▶ _WORK ITEM_
Please output the section of the listing below that opens with the line containing "美翻了！只有仙侠剧中才有的场景！这座1.5亿高龄的山峰简直就是人间仙境！" and closes with the line containing "Doi activiști „Just", exactly and with nothing else.

BEGIN RECORDS TO PROCESS

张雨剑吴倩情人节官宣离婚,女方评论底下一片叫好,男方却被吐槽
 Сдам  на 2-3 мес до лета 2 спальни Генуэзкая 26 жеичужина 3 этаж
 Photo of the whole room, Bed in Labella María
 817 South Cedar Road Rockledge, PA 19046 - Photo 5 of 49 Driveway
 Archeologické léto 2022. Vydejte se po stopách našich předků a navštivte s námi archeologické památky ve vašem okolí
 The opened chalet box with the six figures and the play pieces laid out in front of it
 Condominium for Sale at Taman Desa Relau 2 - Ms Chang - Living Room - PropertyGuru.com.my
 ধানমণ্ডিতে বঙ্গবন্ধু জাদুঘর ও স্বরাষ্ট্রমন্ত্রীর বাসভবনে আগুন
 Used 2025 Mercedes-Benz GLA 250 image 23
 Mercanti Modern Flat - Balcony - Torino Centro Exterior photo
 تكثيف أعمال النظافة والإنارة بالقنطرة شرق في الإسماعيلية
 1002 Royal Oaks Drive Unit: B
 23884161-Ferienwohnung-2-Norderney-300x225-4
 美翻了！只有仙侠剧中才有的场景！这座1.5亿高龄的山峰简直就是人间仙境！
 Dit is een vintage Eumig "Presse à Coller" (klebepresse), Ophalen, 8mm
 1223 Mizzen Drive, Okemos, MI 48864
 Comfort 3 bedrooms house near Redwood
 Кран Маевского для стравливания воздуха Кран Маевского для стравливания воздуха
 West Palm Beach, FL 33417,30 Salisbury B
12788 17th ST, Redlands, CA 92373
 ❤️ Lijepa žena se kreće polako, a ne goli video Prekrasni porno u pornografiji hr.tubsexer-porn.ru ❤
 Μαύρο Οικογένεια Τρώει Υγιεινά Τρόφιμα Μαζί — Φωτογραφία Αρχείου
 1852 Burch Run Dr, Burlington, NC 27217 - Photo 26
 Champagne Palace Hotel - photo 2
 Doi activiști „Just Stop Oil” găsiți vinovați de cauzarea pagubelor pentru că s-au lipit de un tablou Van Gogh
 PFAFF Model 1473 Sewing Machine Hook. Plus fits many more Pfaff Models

END RECORDS TO PROCESS

▶ _SOLUTION TO THE EXERCISE_
 美翻了！只有仙侠剧中才有的场景！这座1.5亿高龄的山峰简直就是人间仙境！
 Dit is een vintage Eumig "Presse à Coller" (klebepresse), Ophalen, 8mm
 1223 Mizzen Drive, Okemos, MI 48864
 Comfort 3 bedrooms house near Redwood
 Кран Маевского для стравливания воздуха Кран Маевского для стравливания воздуха
 West Palm Beach, FL 33417,30 Salisbury B
12788 17th ST, Redlands, CA 92373
 ❤️ Lijepa žena se kreće polako, a ne goli video Prekrasni porno u pornografiji hr.tubsexer-porn.ru ❤
 Μαύρο Οικογένεια Τρώει Υγιεινά Τρόφιμα Μαζί — Φωτογραφία Αρχείου
 1852 Burch Run Dr, Burlington, NC 27217 - Photo 26
 Champagne Palace Hotel - photo 2
 Doi activiști „Just Stop Oil” găsiți vinovați de cauzarea pagubelor pentru că s-au lipit de un tablou Van Gogh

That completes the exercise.